Stessa sorte è toccata a due fratelli senegalesi che, probabilmente, si sono ritrovati a Milo per pura casualità. Nell’ hotspot di Trapani dopo il trasferimento di 500 migranti, sono nuovamente in sovrannumero, contribuendo ad evidenziare le prime crepe, anche a causa dei mancati trasferimenti in seconda accoglienza e di personale (la prefettura ha soltanto due persone in organico che si occupano di immigrazione che devono far fronte ai 3.000 migranti ospitati in provincia).
Dalle testimonianze raccolte da migranti incontrati nei giorni scorsi a Palermo e a Trapani, dall’hotspot di Milo sarebbero scappati, ancora non identificati, più di 100 migranti arrivati nell’ultimo sbarco su di una nave olandese di Frontex, dopo avere protestato perché sostenevano che i militari olandesi avessero sequestrato loro tutti i propri averi, senza riconsegnarli. I migranti avrebbero chiesto a gran voce e con molta determinazione spiegazioni, che i gestori di Milo non avrebbero potuto dare e la protesta, che stava sfociando in altro, sarebbe culminata in una fuga di massa.
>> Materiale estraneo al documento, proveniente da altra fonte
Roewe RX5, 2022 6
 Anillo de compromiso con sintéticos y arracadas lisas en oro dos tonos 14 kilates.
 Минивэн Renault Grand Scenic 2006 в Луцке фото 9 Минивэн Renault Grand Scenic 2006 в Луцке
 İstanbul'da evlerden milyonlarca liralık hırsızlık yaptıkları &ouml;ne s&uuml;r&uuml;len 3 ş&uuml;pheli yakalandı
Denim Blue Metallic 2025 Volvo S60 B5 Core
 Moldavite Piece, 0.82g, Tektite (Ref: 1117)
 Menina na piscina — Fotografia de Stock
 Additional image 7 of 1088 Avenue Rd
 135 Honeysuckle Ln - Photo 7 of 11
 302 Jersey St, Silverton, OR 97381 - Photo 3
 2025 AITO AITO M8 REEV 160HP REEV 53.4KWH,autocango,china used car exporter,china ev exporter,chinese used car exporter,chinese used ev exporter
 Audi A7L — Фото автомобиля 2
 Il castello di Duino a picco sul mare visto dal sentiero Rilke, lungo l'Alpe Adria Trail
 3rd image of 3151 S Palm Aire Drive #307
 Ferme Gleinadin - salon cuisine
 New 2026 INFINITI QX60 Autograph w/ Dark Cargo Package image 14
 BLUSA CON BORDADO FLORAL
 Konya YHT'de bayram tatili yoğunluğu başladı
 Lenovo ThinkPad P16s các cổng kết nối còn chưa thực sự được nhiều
Sbarco ad Agrigento – Ph. Alberto Biondo
Allo sbarco di Porto Empedocle c’è stato il trasbordo di 150 persone dalla nave militare olandese, che non poteva attraccare al porto, alle motovedette della Guardia Costiera che hanno fatto la spola dalla nave alla banchina per poi collocare i migranti nella tecnostruttura dove sono stati rifocillati e poi trasferiti in questura per le identificazione.
A Palermo (dove la presenza di Frontex al porto é sempre più imponente e importante), come del resto ad Agrigento, si registra la selezione dei migranti “economici” non più sulla base delle dichiarazioni rilasciate dai migranti al momento della compilazione del foglio notizie, ma direttamente per nazionalità. Sembrerebbe infatti che se sei senegalese, nigeriano, maliano, sul foglio notizie venga segnato come motivo della migrazione “lavoro” o “povertà” anche se molti dichiarerebbero di voler richiedere protezione.
La domanda “Dove è mio marito?” ancora risuona nelle orecchie, e il volto di Lilian pieno di angoscia è presente nella memoria. Ci auguriamo, e ci impegniamo, perché lei e Osman possano tornare insieme contro tutti gli ostacoli di una burocrazia che crea solo vittime.